は、本発明に係る固体撮像装置の一構成例を示すブロック図である。 は、本発明の第1実施形態において、図1に示す固定パターン雑音除去装置が備える暗電流補正部の一構成例を示すブロック図である。 は、本発明の第2実施形態において、図1に示す固定パターン雑音除去装置が備える暗電流補正部の一構成例を示すブロック図である。 は、従来の固定パターン雑音除去装置の構成を示すブロック図である。 は、図4に示す固定パターン雑音除去装置が備える暗電流補正部の構成を示すブロック図である。 は、固体撮像素子の画素配置を示す図である。 は、固体撮像素子の画素配置を示す図である。 は、固体撮像素子の画素配置を示す図である。 は、固体撮像素子の画素配置を示す図である。
符号の説明
1 固体撮像装置
2 固体撮像素子
3 補正データ算出部
4 固定パターン雑音除去装置
5 画像表示装置
6 補正データ記憶部
31〜33 フレームメモリ
34 パラメータ算出部
61〜63 フレームメモリ
71 オフセット補正部
72 ゲイン補正部
73 暗電流補正部
73A 線形化部
73B 減算部
73C、73D スイッチ
73E 除算部
73F 温度係数記憶部
73G、73H スイッチ
73I 乗算部
73J 減算部
73K 加算部

Claims (6)

  1. 入射光の光量を対数変換する対数変換型の固体撮像素子が出力する撮像信号から暗電流に起因する固定パターン雑音成分を除去する固定パターン雑音除去装置において、
    予め取得した前記固体撮像素子の遮光画素の出力信号を元に算出される前記固体撮像素子の遮光画素が有する光電素子の暗電流である第1暗電流と、
    入射光が無い状態で予め取得した前記固体撮像素子の有効画素の出力信号を元に算出される前記固体撮像素子の有効画素が有する光電素子の暗電流である第2暗電流と、
    撮像時の前記固体撮像素子の遮光画素の出力信号を元に算出される前記固体撮像素子の遮光画素が有する光電素子の暗電流である第3暗電流とを用いて、
    撮像時の前記固体撮像素子の有効画素の出力信号から暗電流に起因する固定パターン雑音成分を除去する固定パターン雑音除去装置であって、
    前記第1暗電流と前記第2暗電流とをそれぞれ線形形式で記憶する記憶部を備え、
    前記第3暗電流が線形形式であって、
    前記第1暗電流と前記第3暗電流との比から温度係数を算出し、
    前記第2暗電流と前記温度係数との積を、撮像時の前記固体撮像素子の有効画素の出力信号に基づく信号を線形処理した信号から減算することを特徴とする固定パターン雑音除去装置。
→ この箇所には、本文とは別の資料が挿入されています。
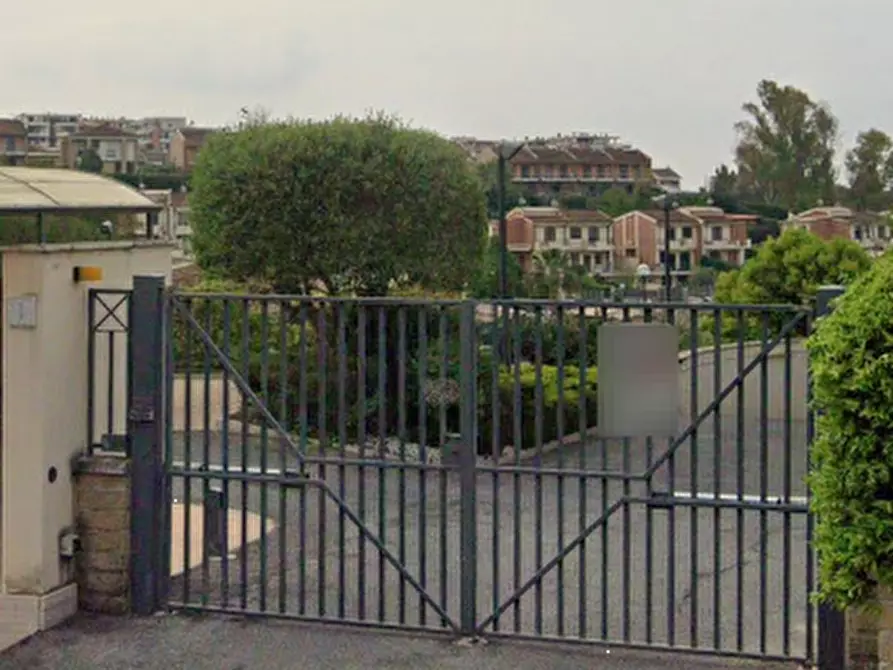 Immagine 9 di Garage in vendita  in Via G.Martina  a Roma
  2. 入射光の光量を対数変換する対数変換型の固体撮像素子が出力する撮像信号から暗電流に起因する固定パターン雑音成分を除去する固定パターン雑音除去装置において、
    予め取得した前記固体撮像素子の遮光画素の出力信号を元に算出される前記固体撮像素子の遮光画素が有する光電素子の暗電流である第1暗電流と、
    入射光が無い状態で予め取得した前記固体撮像素子の有効画素の出力信号を元に算出される前記固体撮像素子の有効画素が有する光電素子の暗電流である第2暗電流と、
    撮像時の前記固体撮像素子の遮光画素の出力信号を元に算出される前記固体撮像素子の遮光画素が有する光電素子の暗電流である第3暗電流とを用いて、
    撮像時の前記固体撮像素子の有効画素の出力信号から暗電流に起因する固定パターン雑音成分を除去する固定パターン雑音除去装置であって、
    前記第1暗電流と前記第2暗電流とをそれぞれ対数形式で記憶する記憶部を備え、
    前記第3暗電流が対数形式であって、
    前記第1暗電流と前記第3暗電流との差から温度係数を算出し、
    前記第2暗電流と前記温度係数との和を線形化した信号を、撮像時の前記固体撮像素子の有効画素の出力信号に基づく信号を線形処理した信号から減算することを特徴とする固定パターン雑音除去装置。
  3. 請求項1または請求項2に記載の固定パターン雑音除去装置において、
    光電素子の暗電流を光電素子の暗電流値に依存する限界照度に置き換え、
    第1暗電流を第1限界照度に置き換え、
    第2暗電流を第2限界照度に置き換え、
    第3暗電流を第3限界照度に置き換える固定パターン雑音除去装置。
  4. 固体撮像素子と、
    前記固体撮像素子が出力する撮像信号から暗電流に起因する固定パターン雑音成分を除去する請求項1〜3のいずれかに記載の固定パターン雑音除去装置とを備えることを特徴とする固体撮像装置。
  5. 請求項4に記載の固体撮像装置を備えることを特徴とする電子機器。
  6. コンピュータを、請求項1〜3のいずれかに記載の固定パターン雑音除去装置として機能させるための固定パターン雑音除去プログラム。